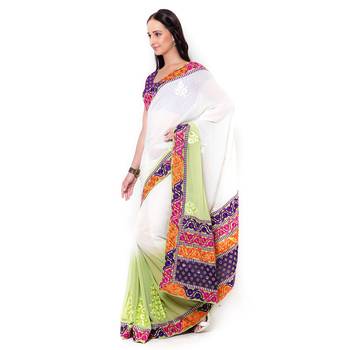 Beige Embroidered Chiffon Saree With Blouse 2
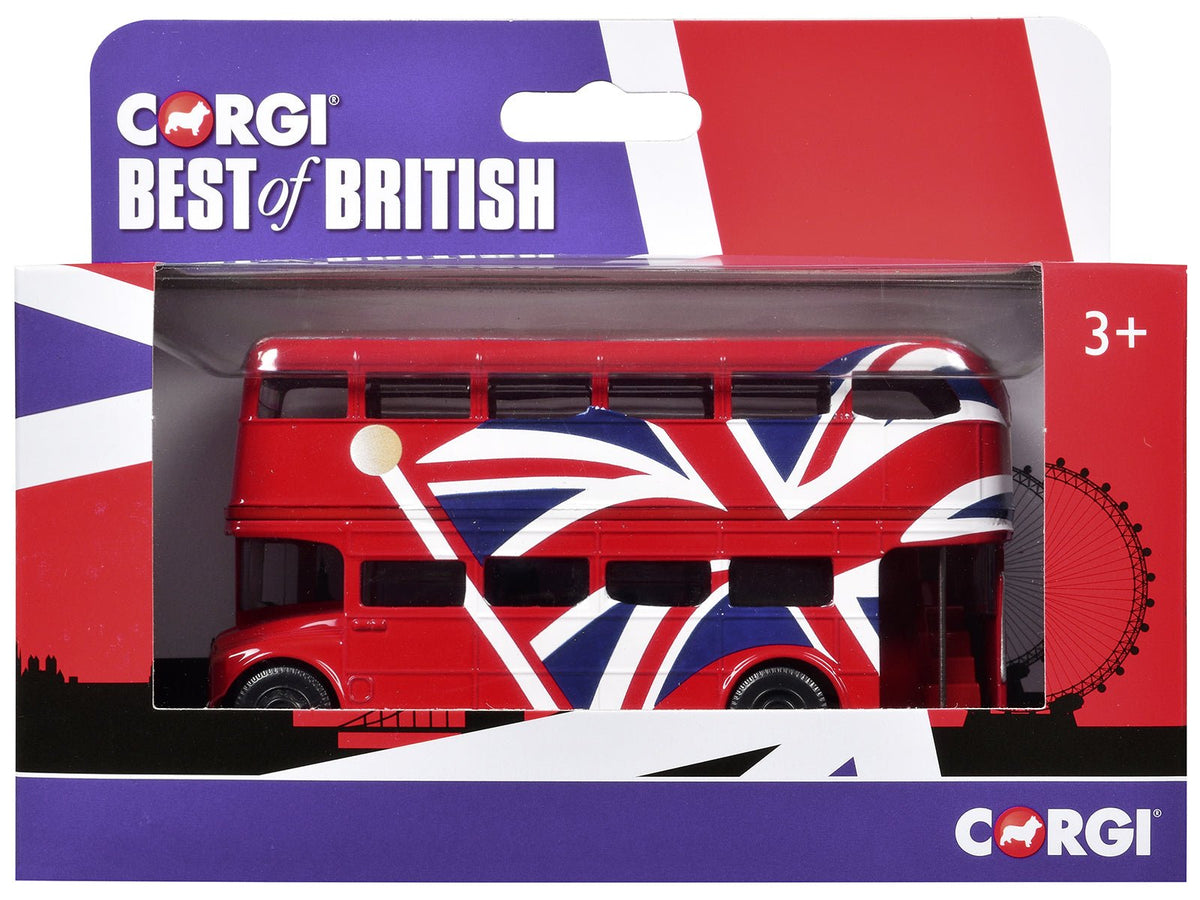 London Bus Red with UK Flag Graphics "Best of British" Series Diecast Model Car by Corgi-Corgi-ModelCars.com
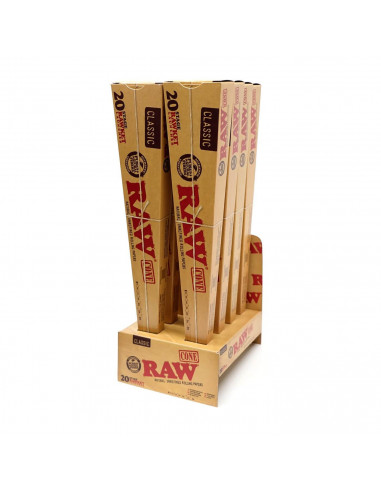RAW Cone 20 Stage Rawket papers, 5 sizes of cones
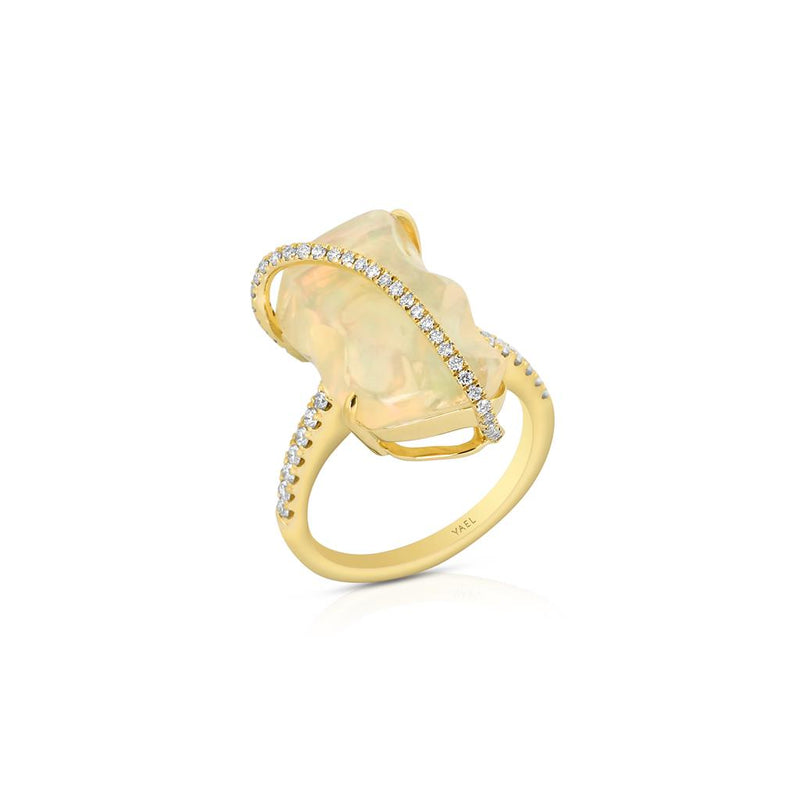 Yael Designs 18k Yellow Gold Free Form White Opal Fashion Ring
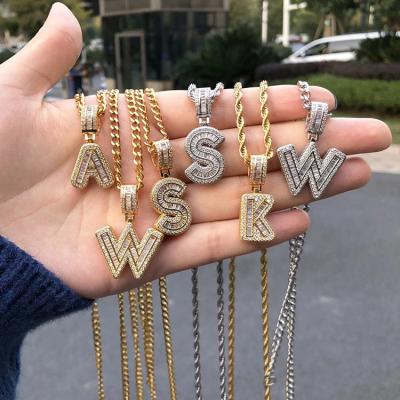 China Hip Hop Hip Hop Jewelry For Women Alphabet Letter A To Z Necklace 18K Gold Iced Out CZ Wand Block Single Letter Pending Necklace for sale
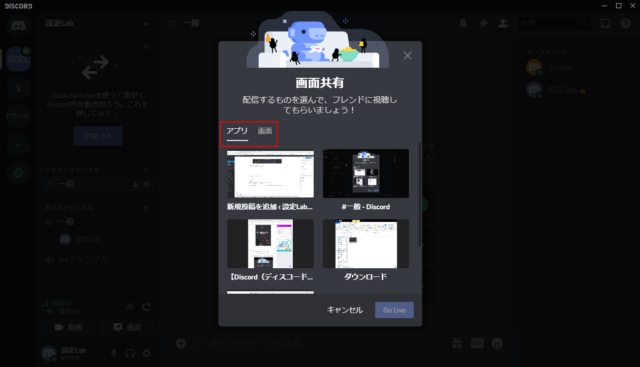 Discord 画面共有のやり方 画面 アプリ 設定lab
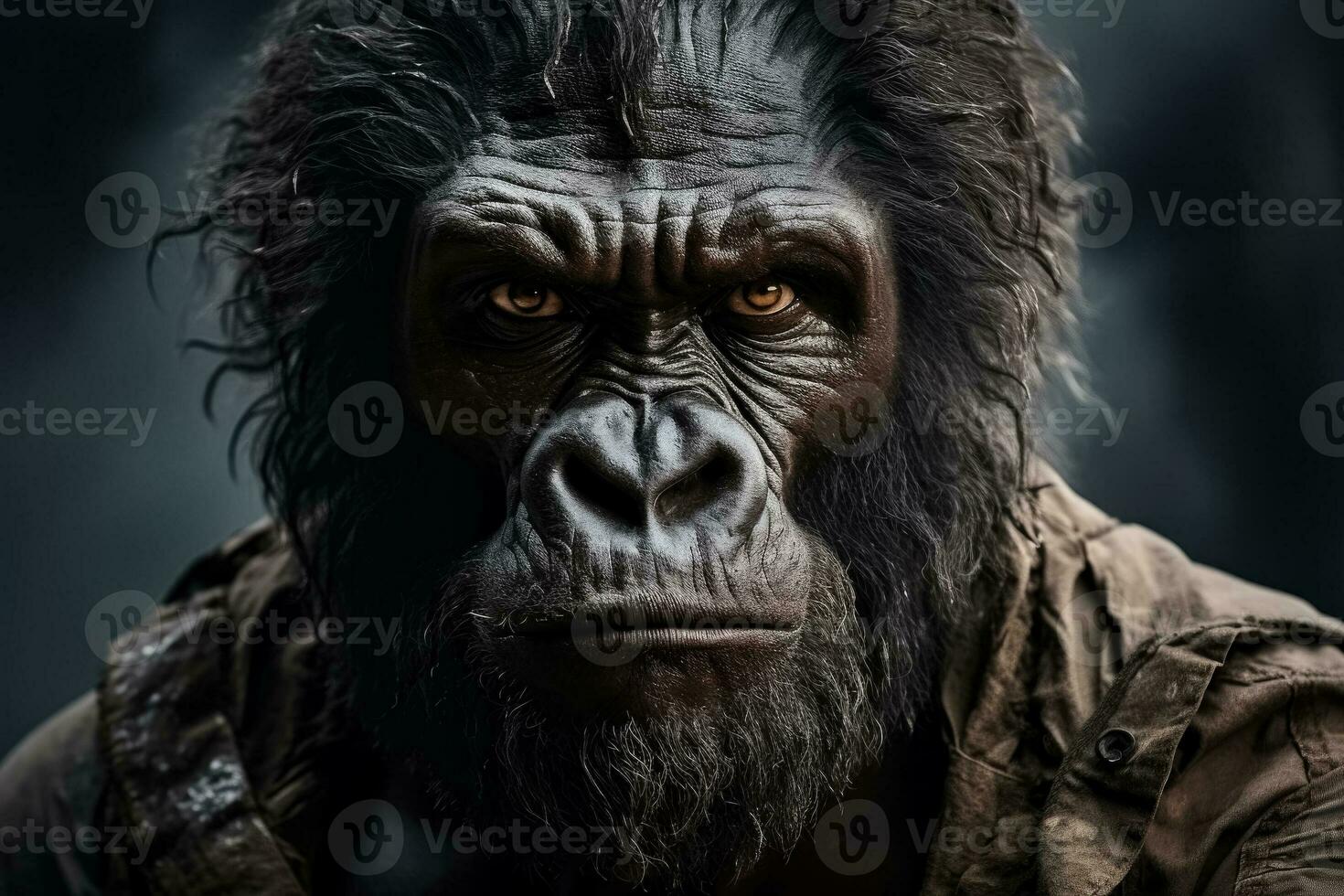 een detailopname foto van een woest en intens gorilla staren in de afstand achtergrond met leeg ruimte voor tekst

## [AIM OF THE TASK]
Exact reproduction is required. Output only the lines from the one with "London Bus Red" through the end of the listing above, both ends included, and no pictures.

## [SOLUTION FOR THIS TASK]
 London Bus Red with UK Flag Graphics "Best of British" Series Diecast Model Car by Corgi-Corgi-ModelCars.com
RAW Cone 20 Stage Rawket papers, 5 sizes of cones
 Yael Designs 18k Yellow Gold Free Form White Opal Fashion Ring
 China Hip Hop Hip Hop Jewelry For Women Alphabet Letter A To Z Necklace 18K Gold Iced Out CZ Wand Block Single Letter Pending Necklace for sale
 Discord 画面共有のやり方 画面 アプリ 設定lab
 een detailopname foto van een woest en intens gorilla staren in de afstand achtergrond met leeg ruimte voor tekst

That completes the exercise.